Take a hike: Author talks land history in library presentation
Author and journalist Alison O’Leary knows the best day hikes near Boston -- and a few of them are close to Wareham, too.
O’Leary led a talk with the Wareham Library Foundation, where she detailed some of the hiking spots in her book, “Best Day Hikes Near Boston.”
The book is a guide to 60 hikes, from Cape Ann to Chatham. It has information, guides and graphs that detail information from the difficulty of hikes to whether they’re dog-friendly. But one thing O’Leary wasn’t able to fit as much of in the book was history.
“I kept saying I really want to get this information in,” she said.

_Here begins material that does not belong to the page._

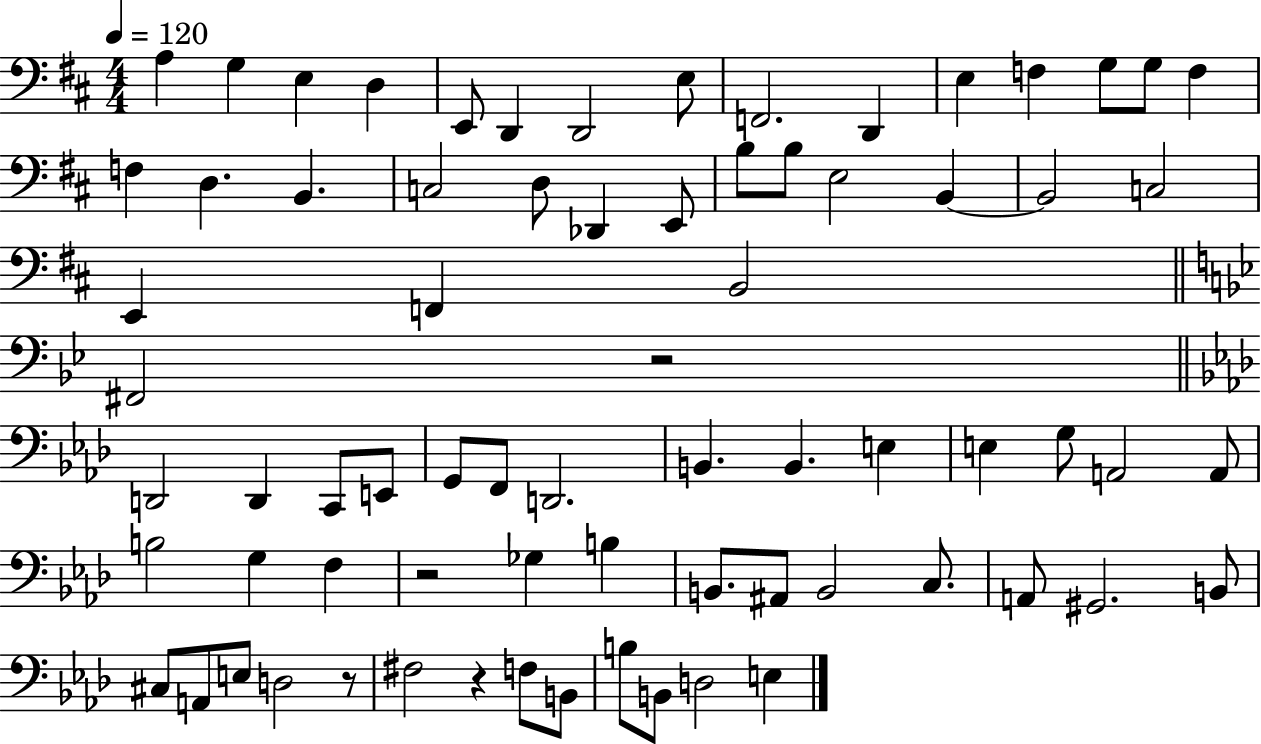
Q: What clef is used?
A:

But her editor only allowed her a small bit of space under each hike’s description to get into the history.
“No, no. Just the facts, ma’am,” he told her.
So O’Leary took it upon herself to teach the history of the hikes in talks.

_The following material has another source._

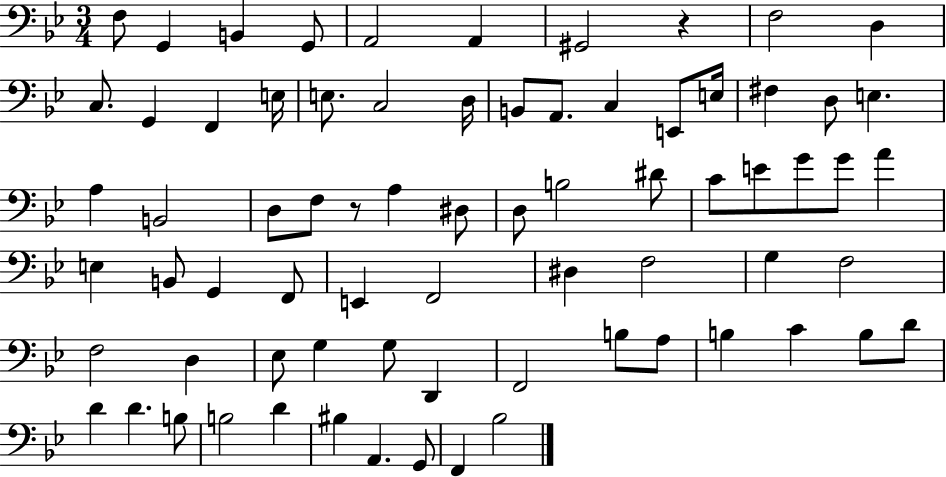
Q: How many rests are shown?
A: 2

She said her interest in the history of land was first piqued when she found a California gold coin in her backyard as a child.

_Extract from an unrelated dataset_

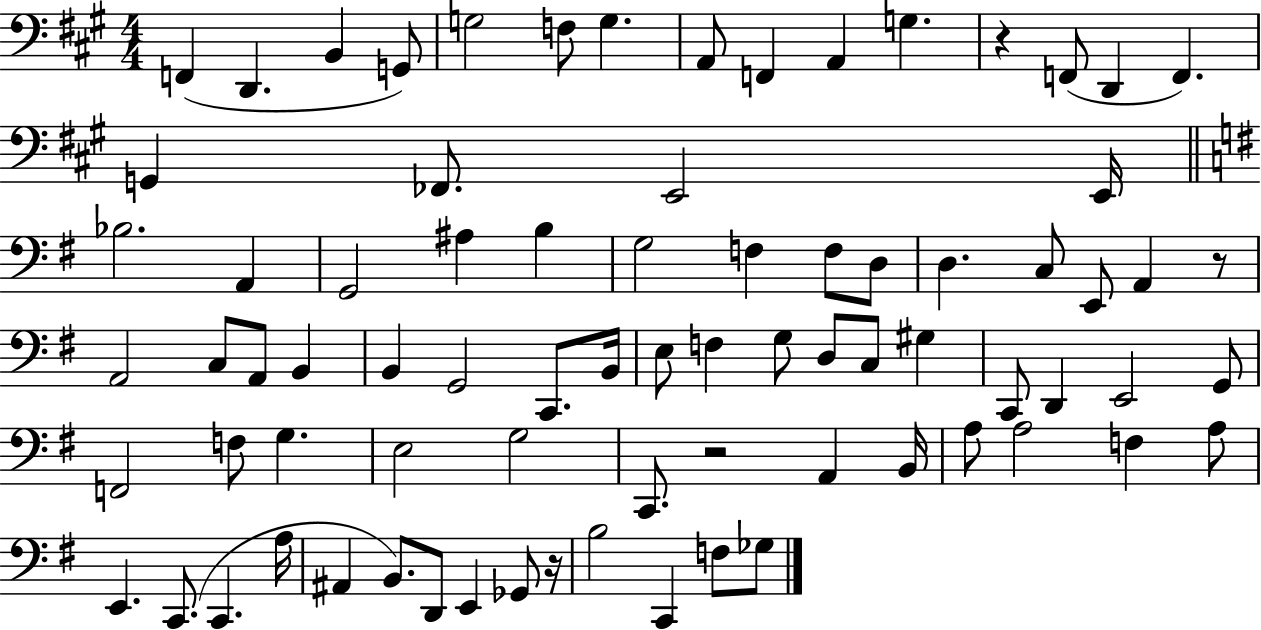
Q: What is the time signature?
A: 4/4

“It’s not as though my house is the first structure on this land,” she said. “It’s not as though my family are the first people on this land.”
O’Leary described hikes and things to do at Bradley Palmer State Park, Middlesex Fells, Lynn Woods, Walden Pond, Burrage Pond, Whitney Thayer Woods, Blue Hills and Myles Standish State Forest. And a few of those spots had some interesting history to go along with the hikes.
Bradley Palmer State Park’s namesake, an avid equestrian, had no heir. So his 721-acre property defaulted to the state after his death. Palmer’s mansion on the property, featuring ornate woodwork and a stone facade, is available for Massachusetts residents’ events.
There’s a local legend in Lynn about the Lynn Woods, which says a pirate that ran from a battle with the British Militia in the city elected to live under a rock in the Lynn Woods with his treasure. He and his treasure are said to have been crushed by the rock.
In the mid-1800s, Hiram Marble, a man who claimed to be able to speak to the dead, said he was called to the supposed site of the pirate’s demise, and began digging for the pirate’s treasure. The result was a 135-foot tunnel in the woods which can be visited today.
O’Leary also described the history of land in the state in general. Before industrialization, forests were a rarity -- farmers would raze the land for crops and livestock.
Post-industrialization, some of those forests began to grow back. White Pines were the first to repopulate the land and can now be seen, often contrasted by stone walls built by farmers, across the state.
Between park history and forest bathing, a kind of meditation in nature, O’Leary wants people to better appreciate nature.
“We tend to take for granted what we have in these green spaces,” she said.